Miceli explica que usou dois métodos distintos para chegar aos resultados. O primeiro buscou neutralizar os efeitos que as tendências do mercado tiveram no período estudado. Ou seja, verificar se a queda ou alta das ações não aconteceu por conta de um período de turbulência ou euforia que afetou o mercado como um todo. Os percentuais encontrados já descontam os fatores comuns ao mercado.
O autor explica que a média de 12% de queda apurada é o chamado retorno anormal, ou seja, o quanto as ações caíram além daquilo que já seria normalmente esperado pelas correlações históricas dos ativos e índices de mercado. \”Esses resultados médios de retornos negativos que encontramos já descontam esse efeito. Por isso, dizemos que é o retorno anormal\”, diz.
No segundo método adotado, o professor usou comparações com o desempenho de empresas de tamanho similar e do mesmo ramo de atividade daquela que foi contestada pelos minoritários. O objetivo foi o de neutralizar impactos de eventos que podem ter afetado o setor da companhia no período avaliado. \”O interessante é que os resultados encontrados com os dois diferentes métodos são muito semelhantes, o que reforça a consistência dos dados encontrados\”, afirma Miceli.
O professor diz ainda que não há sinais de que o efeito negativo nas ações das companhias tenha sido transitório. Um dos fatores que o leva a essa conclusão é que os retornos anormais se estabilizam geralmente três dias após o evento ocorrido. Ou seja, se acomodam nesse novo nível mais baixo, após a queda. \”Podemos dizer que, aparentemente, os investidores deixam esses papéis e não voltam\”, diz.
Outro cálculo feito pelo professor da USP foi do impacto de destruição de valor causado pela má governança. A conclusão foi a de que, somados, os 24 eventos causaram uma redução de US$ 7,8 bilhões em valor de mercado. \”Nossa estimativa é que o valor da redução individual para cada companhia ficou num intervalo entre US$ 325 milhões e US$ 497 milhões\”, afirma.

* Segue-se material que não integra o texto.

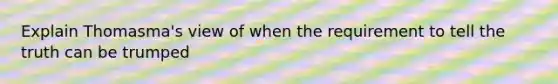 Explain Thomasma's view of when the requirement to tell the truth can be trumped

A pesquisa analisou casos que envolveram diferentes pleitos de acionistas minoritários, sendo que seis das disputas aconteceram nas companhias do setor de telecomunicações e cinco foram no segmento de siderurgia. Porém, esses dois setores concentraram mais os eventos nos primeiros cinco anos pesquisados. No período mais recente, o segmento de agronegócio protagonizou três disputas e o de construção civil foi alvo de uma reclamação de minoritários. Os de papel e celulose e energia elétrica tiveram dois casos analisados cada um. Houve também eventos nos segmentos financeiro, de varejo e de alimentos e bebidas.
Entre os casos analisados estão desde fatos como a exigência de uma oferta pública feita pelos minoritários da Cosipa, ainda em 2001, até a aquisição da Tenda pela Gafisa, que aconteceu em setembro deste ano e foi alvo de algumas reclamações de minoritários. Também aparecem na lista disputas acirradas que se desenrolaram por muito tempo, como a incorporação da Oi (na época só de telefonia celular) pela Telemar. Outros casos recentes que foram estudados são os que envolveram os minoritários da Cosan, que ficaram descontentes com aspectos da criação da Cosan Limited, e ainda o caso da cobrança de dividendos dos acionistas da Eletrobrás, questão que está prevista para ser equacionada pela empresa no próximo ano.
Segundo o autor, a análise dos custos dos chamados \”conflitos de agência\” (entre controlador e minoritário) ganha uma relevância maior num mercado em que a estrutura acionária das companhias é bastante concentrada, como é o caso do brasileiro. Miceli diz, porém, que ainda não foi possível refinar os resultados e analisar, por exemplo, que tipo de conflito o mercado percebe como mais relevante e se o perfil do grupo de controle (se é familiar, estatal, compartilhado etc.) também exerce algum tipo de influência nessa reação dos investidores. Esses são temas que ele pretende trabalhar futuramente.